The agreement grants the exclusive signage rights to Anschutz Entertainment Group, known as AEG, the company that is overseeing the adjacent $2.5-billion LA Live development. In exchange, AEG will pay the city at least $2 million a year over the next decade and also share a portion of the net advertising profits from the signs.
Council members said they were largely swayed by the stream of cash that the deal will deliver to the city at a time when the economic downturn has forced budget cuts and fee increases.
Convention center signs: An article in Thursday's California section about a proposal by developer AEG to put billboards and electronic signs on the convention center in downtown Los Angeles said the company had already received $27 million in tax breaks to build the LA Live sports and entertainment center. AEG has received $270 million in tax breaks.
Critics, however, argued that the additional signs would create a visual blight on the downtown skyline and add to the proliferation of billboards in the city, and also questioned whether the city could have struck a more lucrative financial deal.
With the signage rights granted, the city will now hold separate hearings on AEG's detailed plans to adorn the convention center with more than 50,000 square feet of billboards and flashing electronic signs. The most visible would be two massive signs that would cover portions of the center's landmark glass towers, and four digital billboards would blink out to drivers chugging through the 10 Freeway and 110 Freeway interchange.
Caltrans also must review the plan to ensure that freeway drivers will not be distracted by the signs.
One of the lead architects involved in the convention center's 1993 expansion and redesign said he was "appalled" by aspects of AEG's proposal. AEG wants to hang a 75-by-66-foot sign and a 56-by-50-foot sign on the center's signature features -- the two soaring towers of glass panels and white metal tubing that face South Figueroa Street.
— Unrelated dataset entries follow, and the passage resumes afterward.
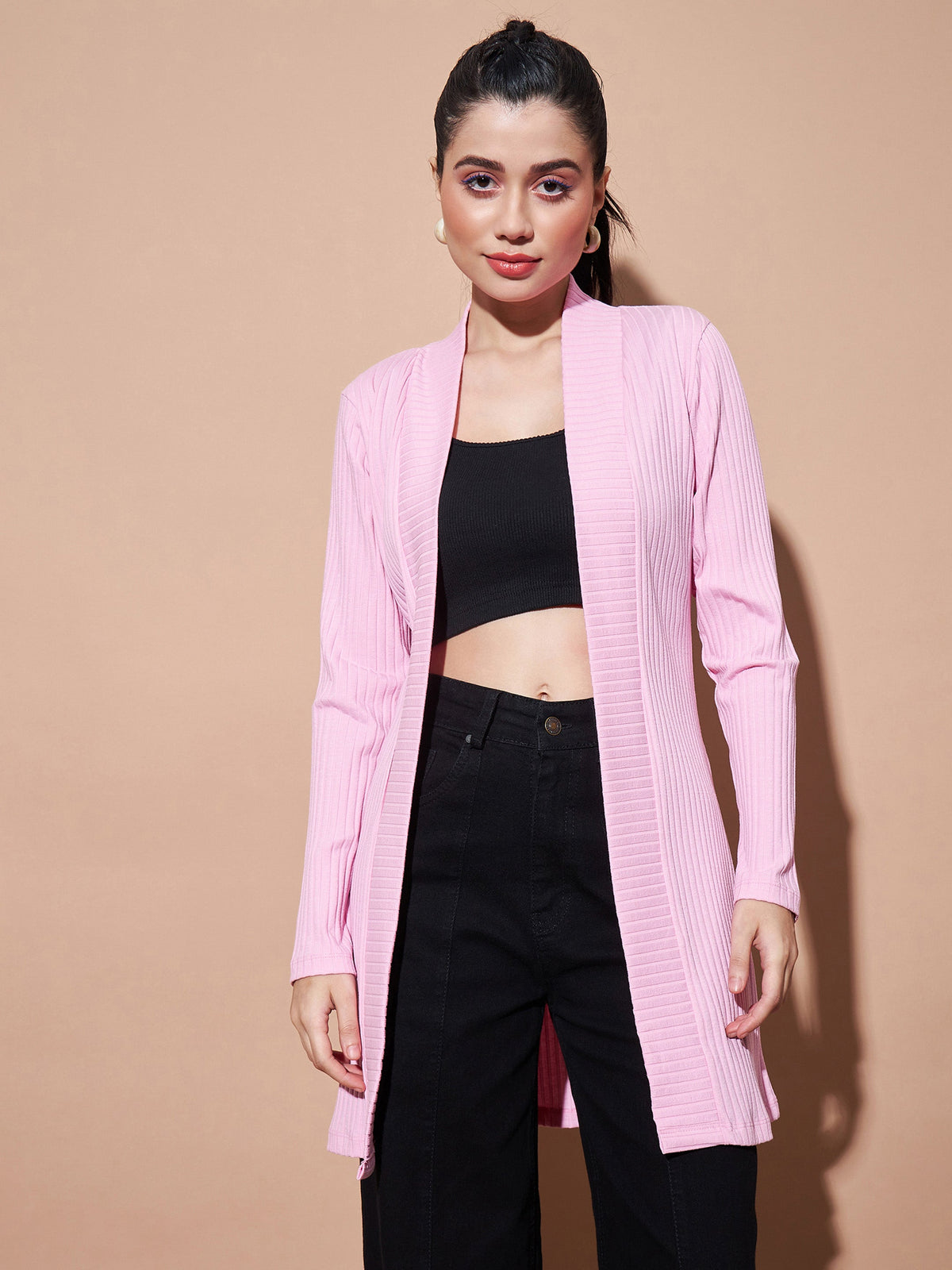 Pink Full Sleeves Rib Shrug-SASSAFRAS BASICS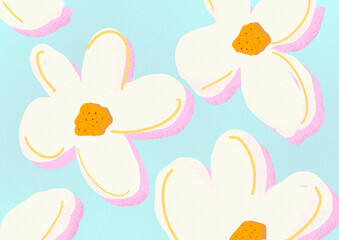 White flower pattern against blue background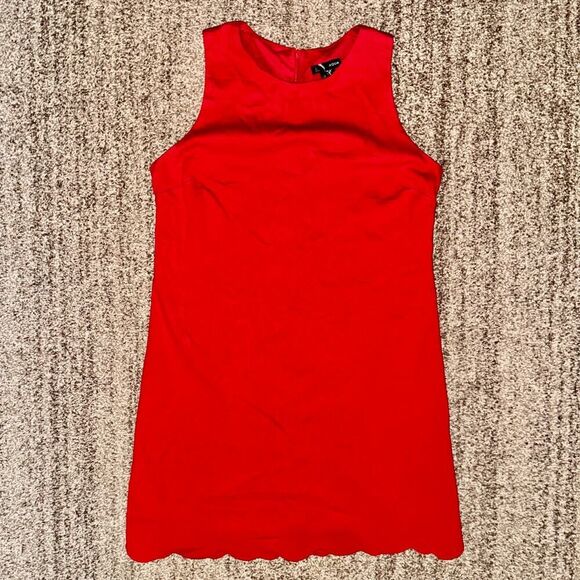 Aqua Women's Sleeveless A-Line Ruffle Bottom Dress in Red Size Large - Picture 5 of 10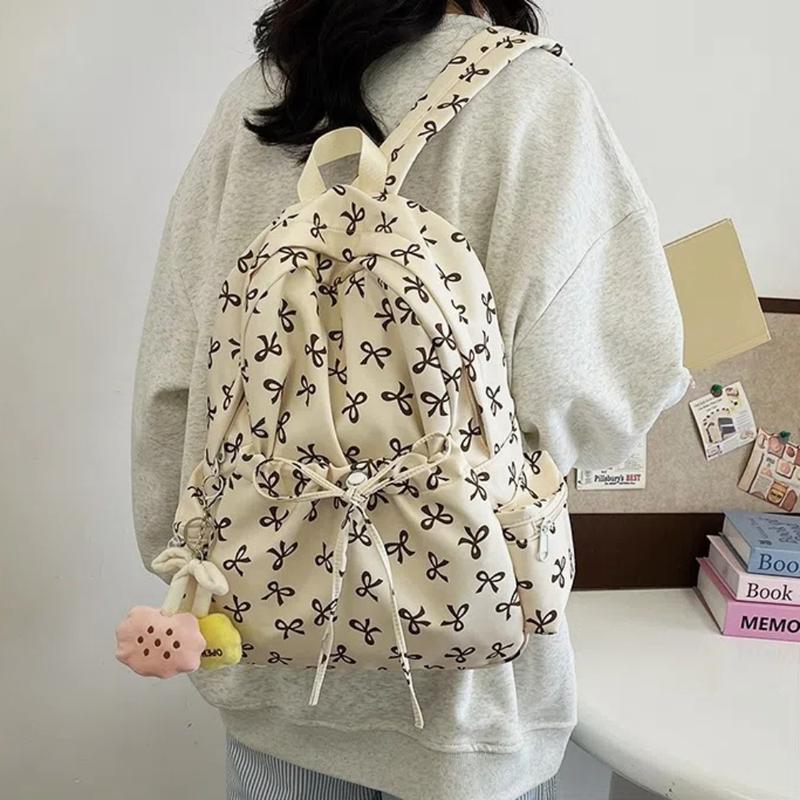 Ba Lô In Hình Nơ, Thiết Kế Thắt Nơ Ngọt Ngào Dung Tích Lớn, Làm Bằng Nylon, Thích Hợp Cho Học Sinh Hàng Ngày, Ba Lô 7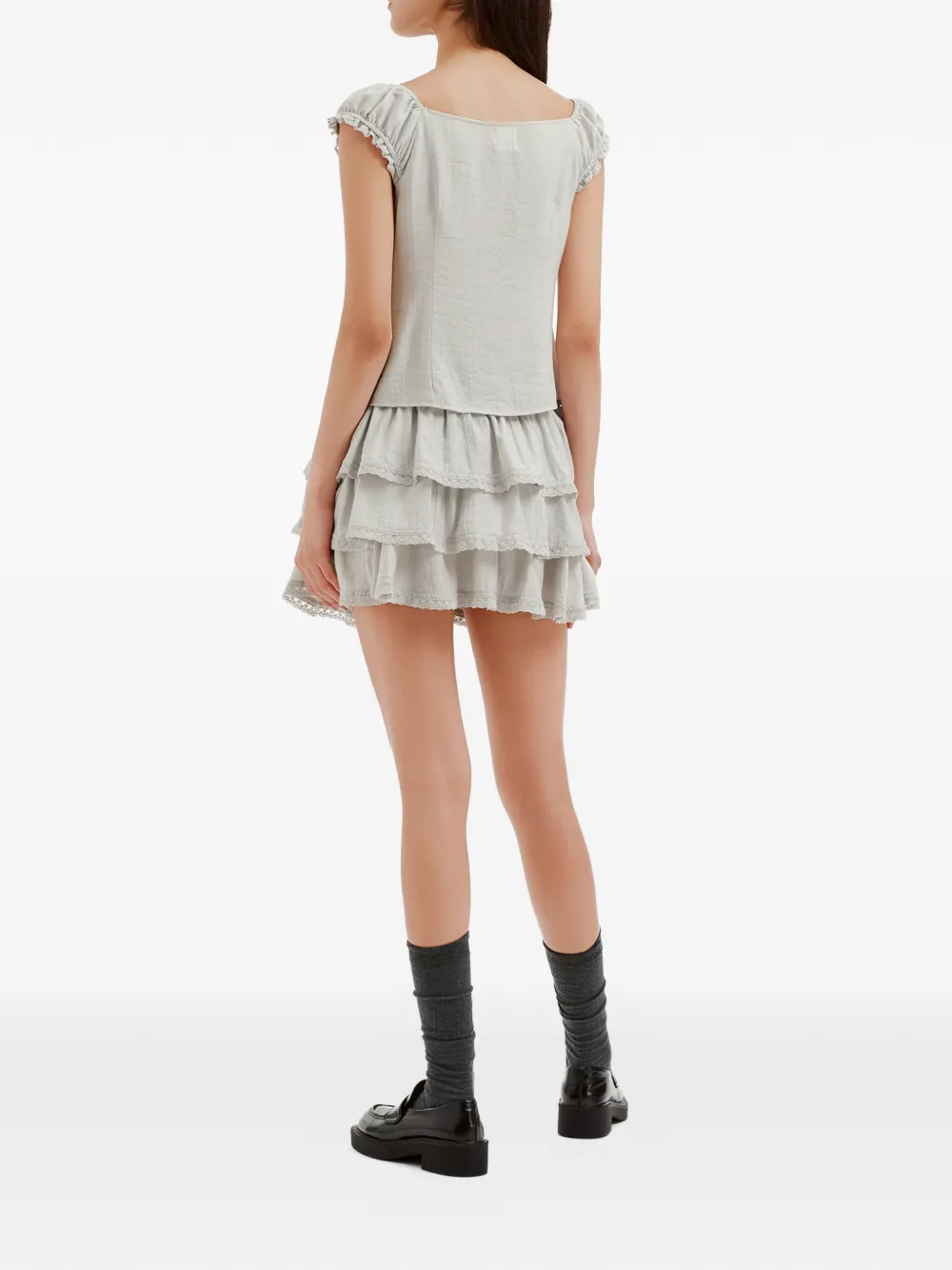 b+ab Gelaagde blouse en mini-rok met ruches Grijs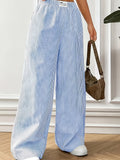 Fashionable Wide-Leg Women'S Pants - Blue Stripes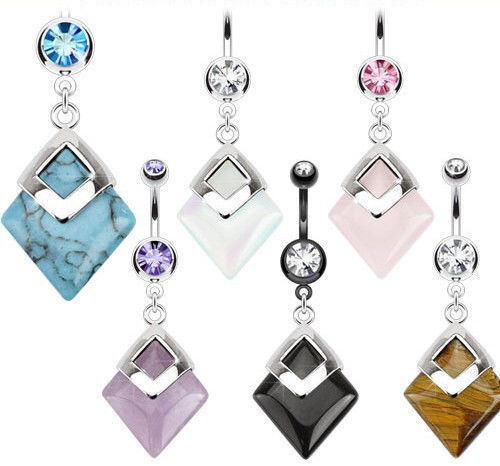 1pc Diamond Shaped Semi-Precious Belly Ring Natural Stone Pierced Navel Naval 14g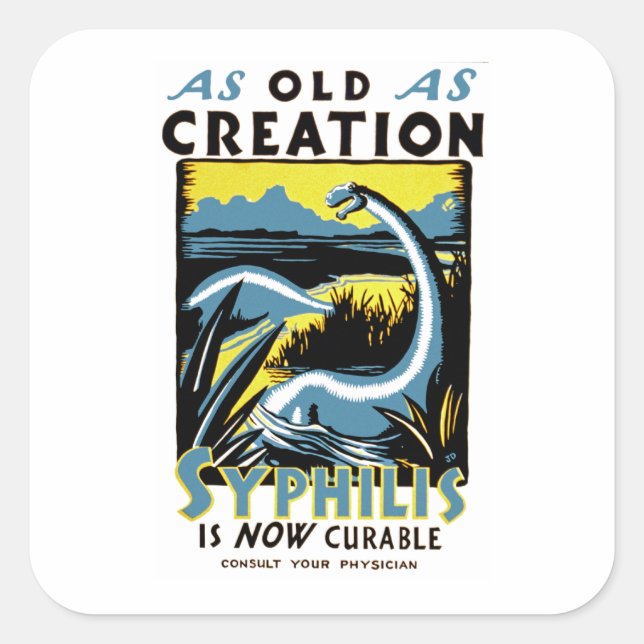 Sticker Carré Vieille Comme Création ~ La syphilis est maintenan (Devant)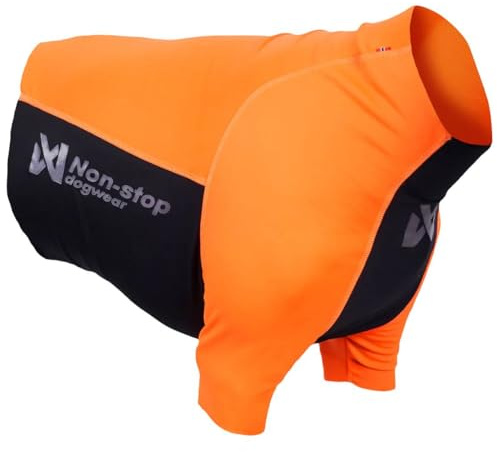 Non-stop dogwear Protector Half Suit, Technisches Hunde-T-Shirt, Orange-Schwarz, Reflektierend, RawEdge™ Beinöffnungen, für Musher und aktive Hunde (S)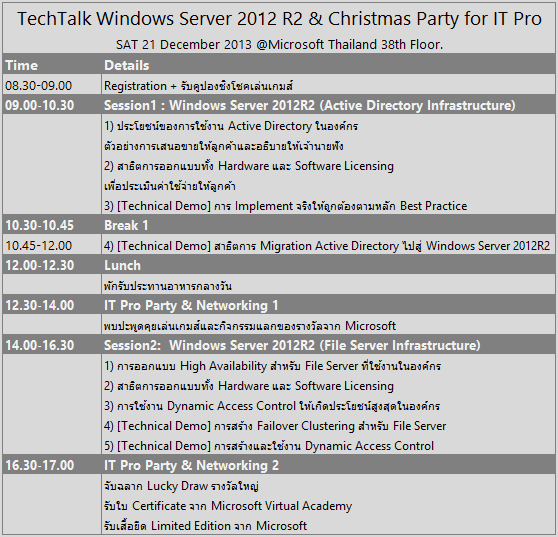 TechTalk Windows Server 2012R2 & Christmas Party for IT Pro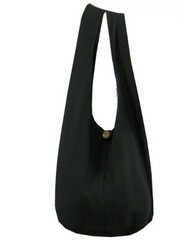 BTP! Thai Monk Buddha Cotton Sling Crossbody Messenger Bag Shlouder Black M2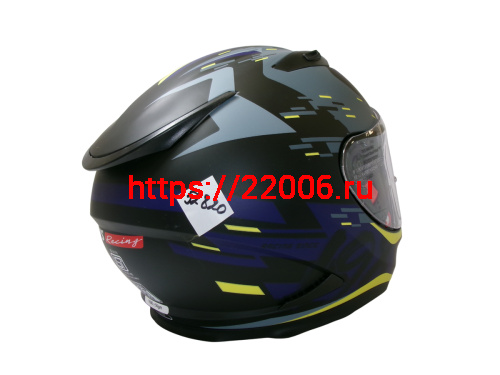 Шлем TVS RACING (Индия) STREET D/V DULL BLACK M.BLUE размер M, + пинлок в комплекте, очки фото 4 Шлем TVS RACING (Индия) STREET D/V DULL BLACK M.BLUE размер M, + пинлок в комплекте, очки фото 4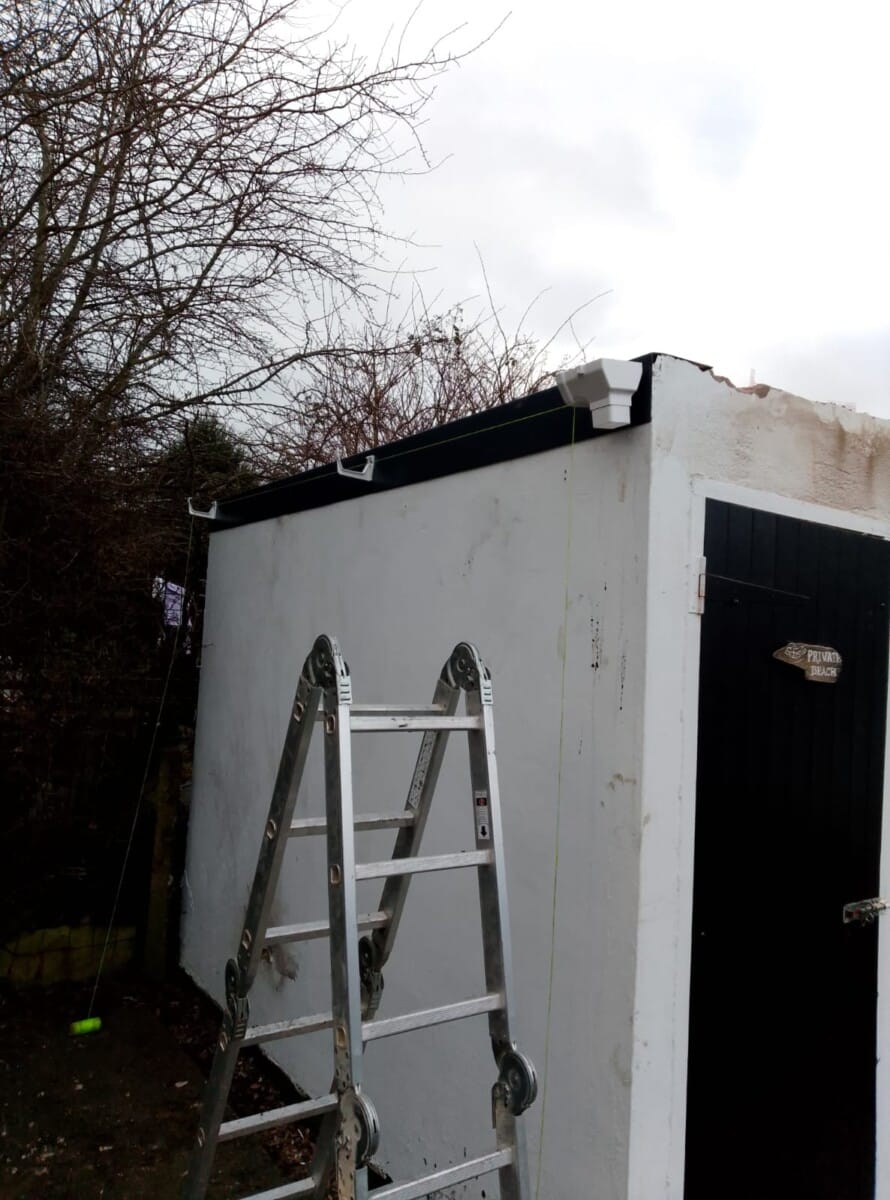 Single shed roof replacement in Leicestershire, February 2025, before works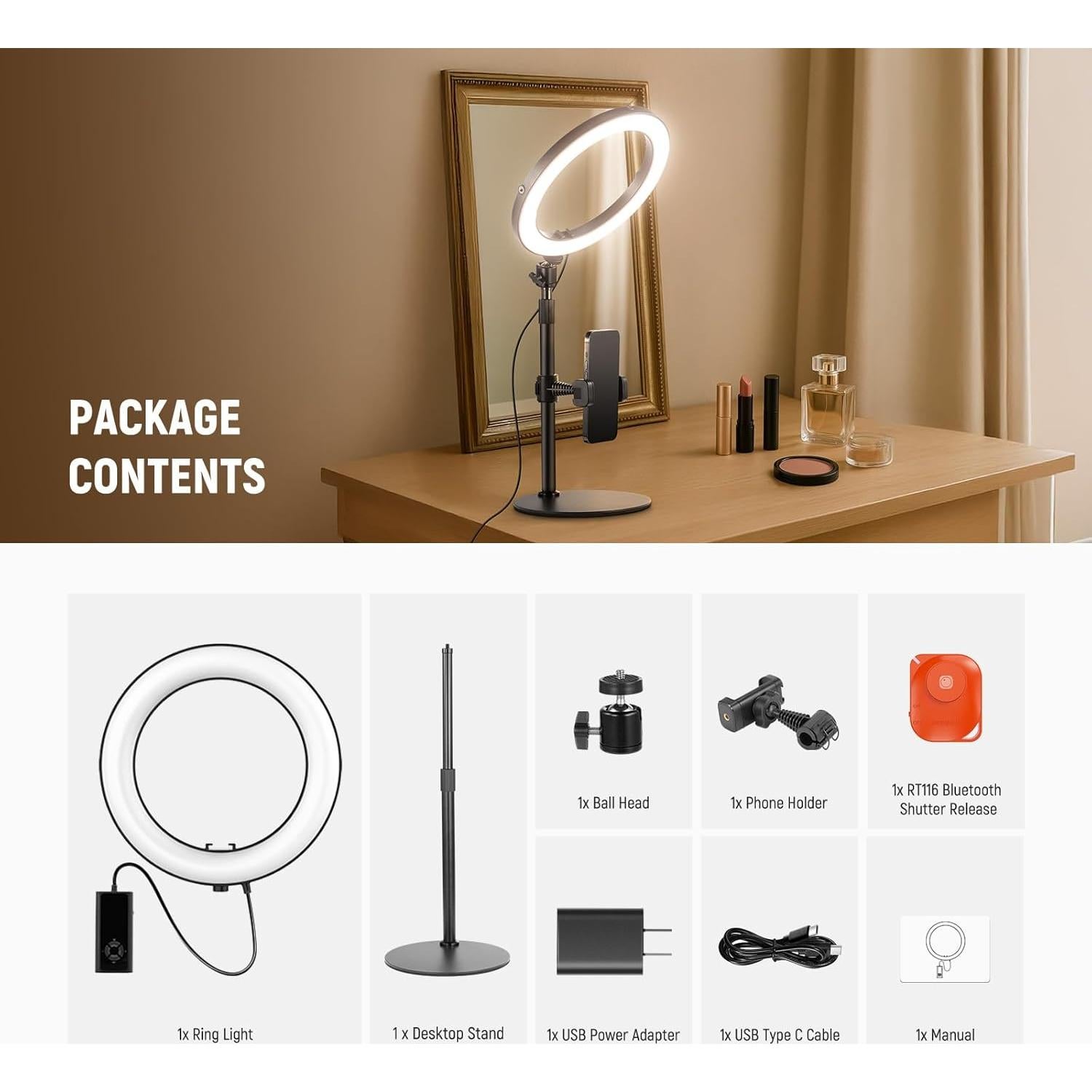 Luz de Anillo LED NEEWER 20W Bi Color 2900K-7000K con Soporte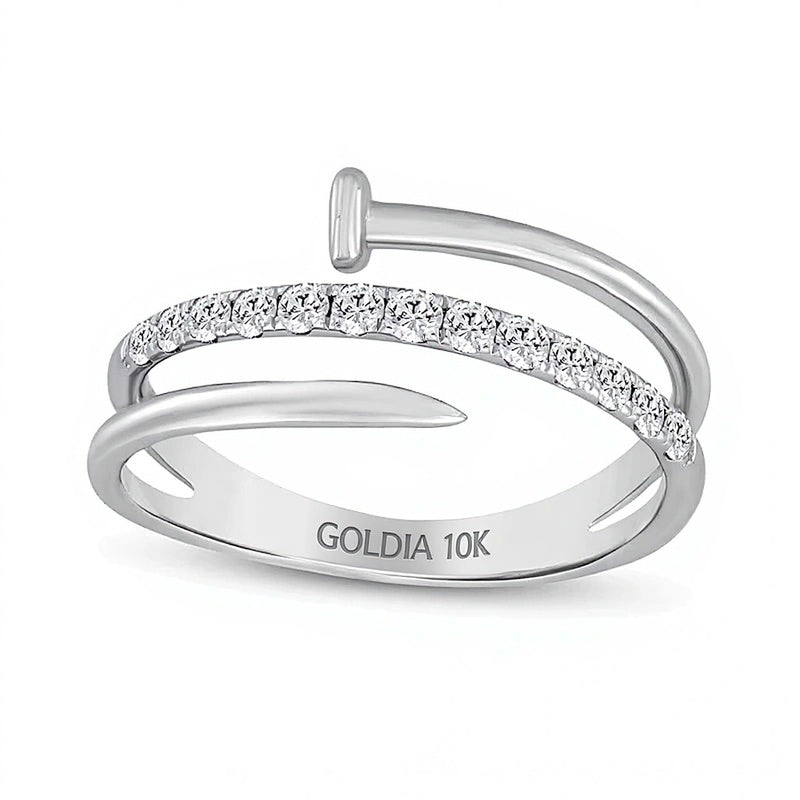 0.33 CT. TW Diamond Spiral Nail Ring in 10K White Gold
"The glass pavilion is designed for transparency . . . It's a landmark, and when you add a solid panel of that magnitude and size," it destroys that view, Ki Suh Park, managing partner of the Los Angeles-based architectural firm Gruen Associates, told The Times in a telephone interview Wednesday.
Park said he is not opposed to allowing signs but to have such as massive amount would damage the integrity of the design: "Signs should complement rather than overwhelm the building. The scale is a concern."